Last weekend I moved back to San Marcos and I was so happy to be back with all my friends. Things could not have been better. Then last night my very good friend came over and we just talked about everything. It was so awesome! But when she left I had this empty feeling inside and I just wanted to cry. I don't really know why I felt that way but I did. Then today we had a picnic with my campus ministry and I still felt kind of empty, I even felt a little bit down. I then realized that I felt that way because I didn't feel as much of a christian as my friend. I know that it's not true but thats just how I felt. After the picnic I was talking to my friend online and she told me something that has stuck with me for the rest of the day. She said that peole's walks with Christ are all different and people come from different backgrounds. I am just at a different part of my walk with Christ than she is but that does not mean that i'm less of a christian. one day I might be at the point where she is but right now i'm not but i'm still just as much of a christian as she is. I am happy with what God is doing in my life and I know that he is not finished with me yet. God puts people in your livess so he can speak through them to us and I feel very blessed to have have friends like that.

Friday, August 21, 2009

moving

Today I had to get up early for a Dr. appointment in Austin and I was not looking forward to it. There are some things in life that just make being a woman kind of suck. Anyways, I got that over with and it feels good to have that off my list of things to worry about. When we got back to Brenham we had to rent a truck and load what is the the biggest futon I have ever seen in the back of it. When we got home we had to load several other pieces of furniture in the back of the truck. Some very nice friends of ours came over and helped us, which was very nice of them because they are boyscouts and they know how to use bungie cords. During all of this we look up at the sky and notice that it's getting very dark. I was thinking, man this is just our luck that it would start raining right when we put all the furniture in the back of the truck. So we put tarps over it and hoped for the best. within 30 min. it rained for about 3 min. and that was it. So all is well and the furniture didn't get wet. yay!
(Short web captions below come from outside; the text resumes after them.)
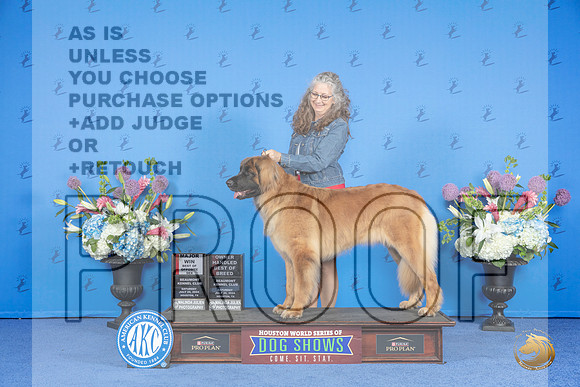 Leonberger #16 SAT BOS OHBOB M Judge Annella Cooper__JP_9883_Houston_2024_HR3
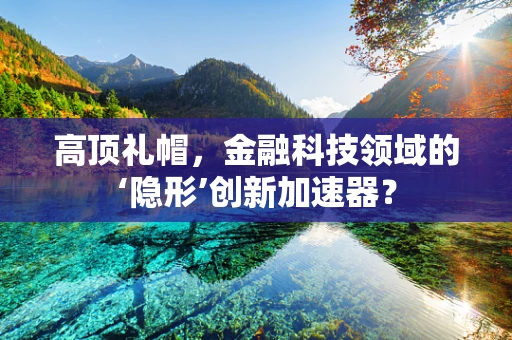 高顶礼帽，金融科技领域的‘隐形’创新加速器？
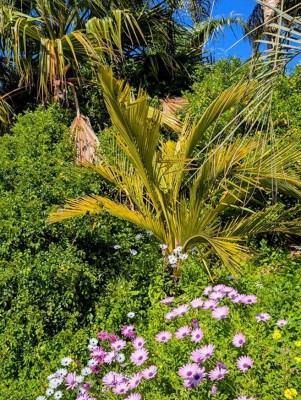 jubaeopsis caffra.jpg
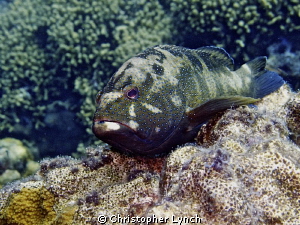 Camo Cooney, Klien Bonaire, Capt' Don's Reef by Christopher Lynch 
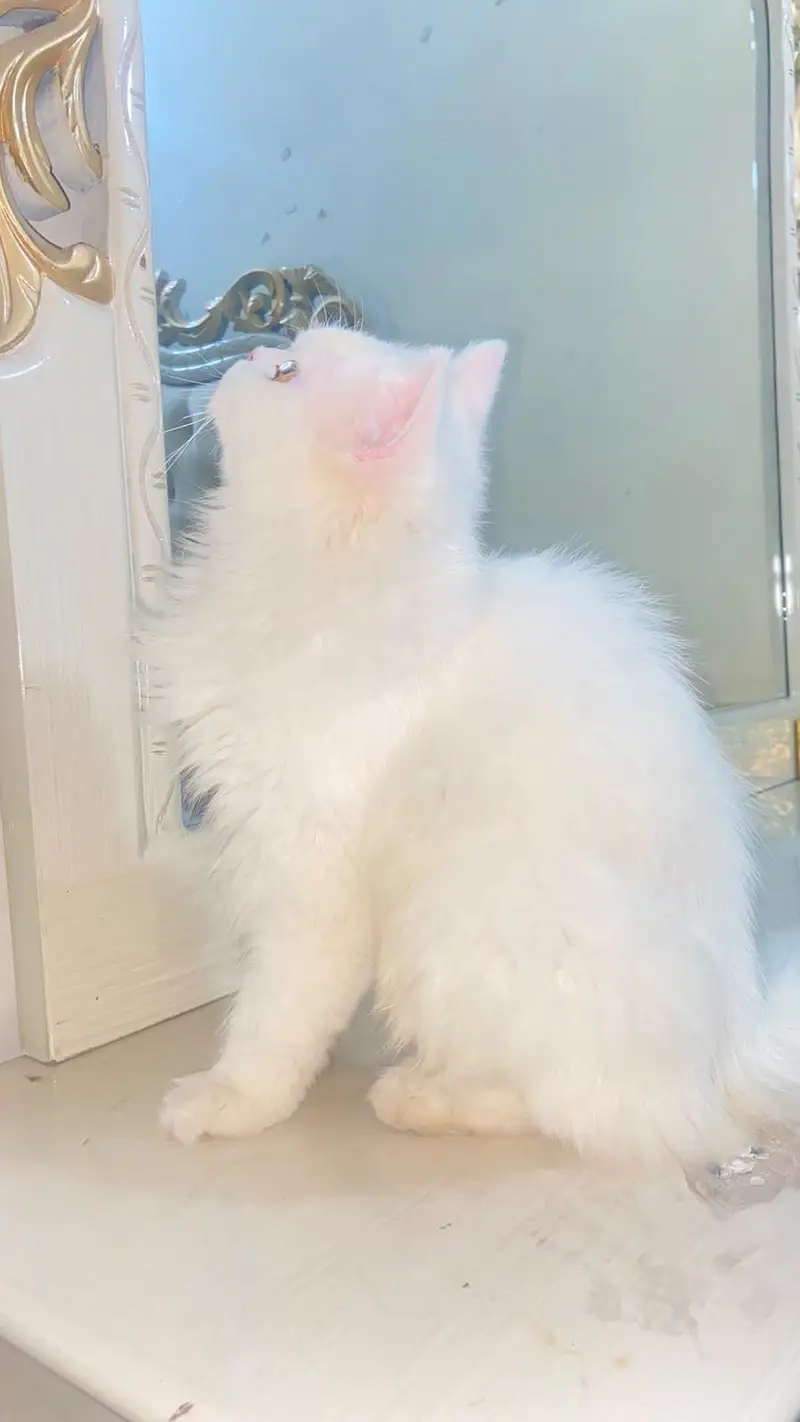 Persian male cat — photo 2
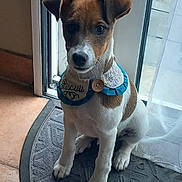 Biscuit a rejoint le concours — aidez-le/la à gagner de superbes lots ! dog, puppy, portrait, sitting, indoors, doorway, window, mat, bib, collar, blue, brown, white, short_hair, floppy_ears, pet, canine, cute, alert, home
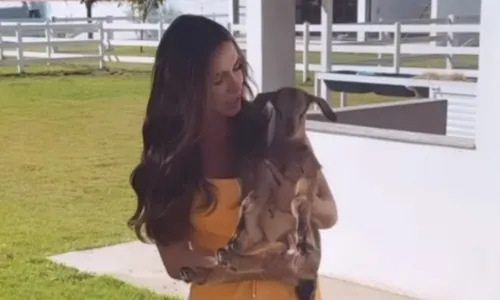 
				
					Ivete Sangalo reage após 'virar' vaca na fazenda de Nicole Bahls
Most of the stuff is loaded in the two cars and the other stuff is on it's way to being ready to go. This is my last night at home with my mom before school starts and it's a bitter sweet moment for me. I am happy to go back to school to see all my friends but i'm sad to leave my mom in Brenham by herself. I know that I will be seeing he on some weekends and on holidays but it's still sad when I have spent my whole summer with her. Now I must finish packing and get some sleep so I will be ready for the 2 hour drive to San Marcos tomorrow and for a long day of unloading stuff in my new apartment. I hope tomorrow will be a good day and I can't wait to get settled in my new place.

Monday, August 10, 2009

Awesome weekend

This weekend I went to lake Buchannen with some amazing people and I really had a great time. It was so nice to get away from things and just be able to enjoy God's creation. I have been dealing with some stuff this summer and for the first time this weekend I did not even think about it and it was awesome! I am soooo glad that I finally said yes to going cause it not I would have missed out on something great. Through this lake trip I feel that I have made some friends that I will keep in touch with for the rest of my life. I think one of God's greatest gifts to man is the gift of friendship. I am really going to miss all the friends that I made on the lake trip. Now that the lake trip is over I have to start thinking about going back to school which is something I am not ready for. So while I get ready to go back to school I will enjoy all the great memories I have from the awesome weekend at the lake.